Benshosan explores lesser-known ingredients typically found in hotdogs, including preservatives like potassium lactate and sodium diacetate. Other additives include sorbitol (a “highly processed sugar alcohol” that can make people gassy), sodium phosphate (to help keep processed meats moist), and hydrolyzed corn protein (an MSG-like flavor enhancer).
Fill the casings
The meat paste is then automatically pushed into clear, sock-like tubes made of cellulose that resemble plastic film. Casings are sometimes made with actual animal intestines, but most hotdogs are now skinless in their final form.
Cook the hotdogs
The frankfurters are cooked in their casings and rinsed with water. Even though they are precooked, the USDA website recommends that consumers heat hotdogs until they are “steaming hot” as a matter of food safety.

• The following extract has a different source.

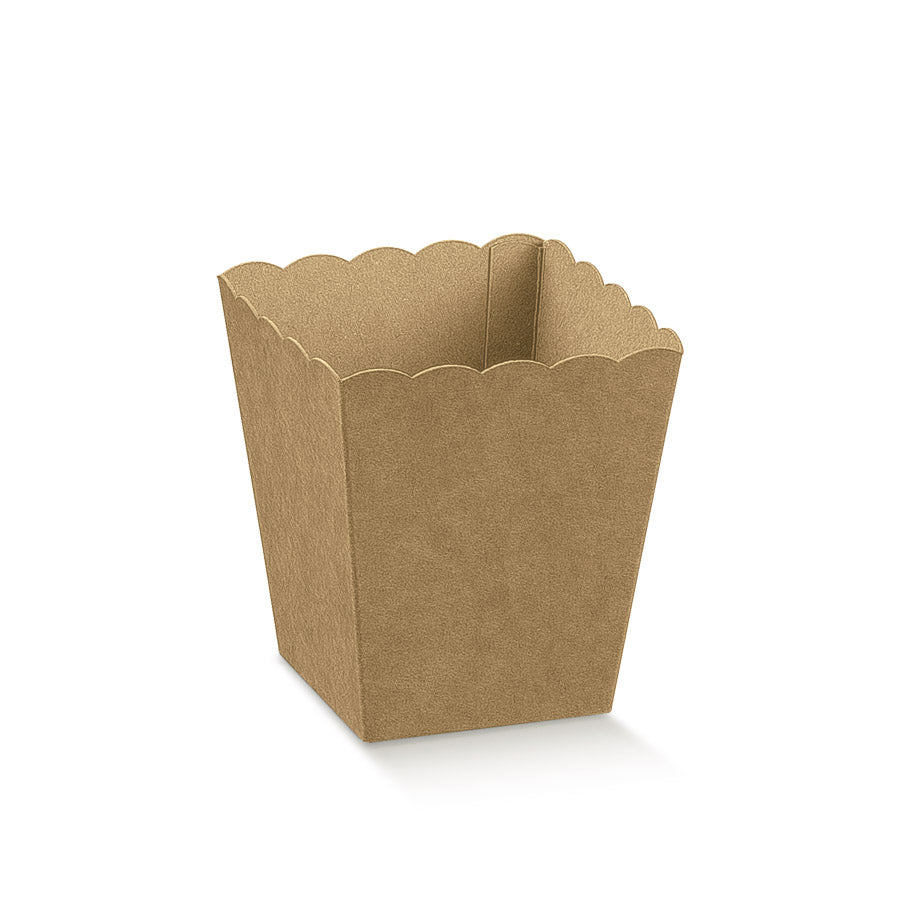Flowerpot Boxes - Kraft - "Avana"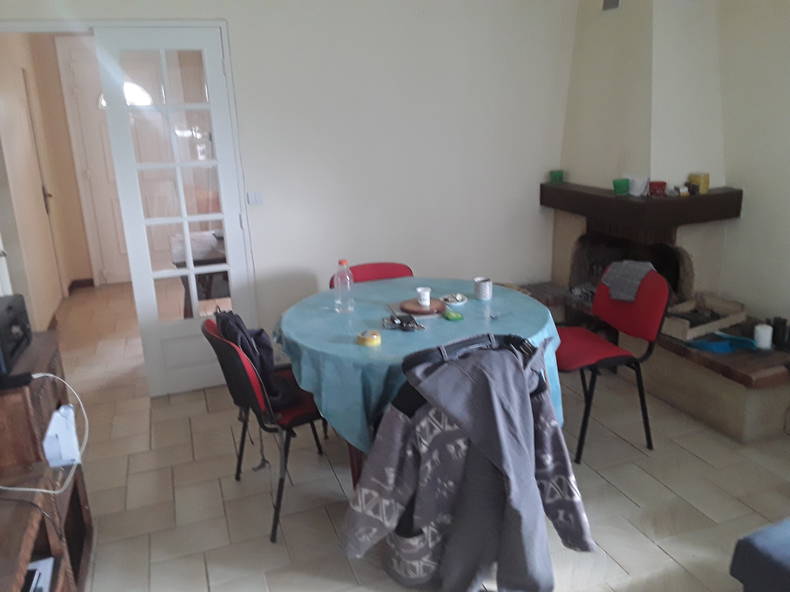 Zakwaterowanie U Rodziny Pierrelatte 256855-4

Cool hotdogs and remove casings as needed
The hotdogs are then cooled in a water shower, according to the National Hot Dog and Sausage Council website. An automatic peeler strips the cellulose casings from the hotdogs.
Package and box for distribution
The hotdogs are inspected and sealed into vacuum-packed plastic film with the assistance of conveyor belts and packaging equipment. Finally, within hours of starting as meat trimmings, the hotdogs are boxed and loaded into storage coolers and refrigerated trucks.
The truth about hotdogs
There is not a lot of actual meat in hot dogs, even when it’s listed as a top ingredient. They are mostly water and fat, with a tiny bit of meat in the traditional sense. The meat that is used is lower-grade and has been turned into sludge.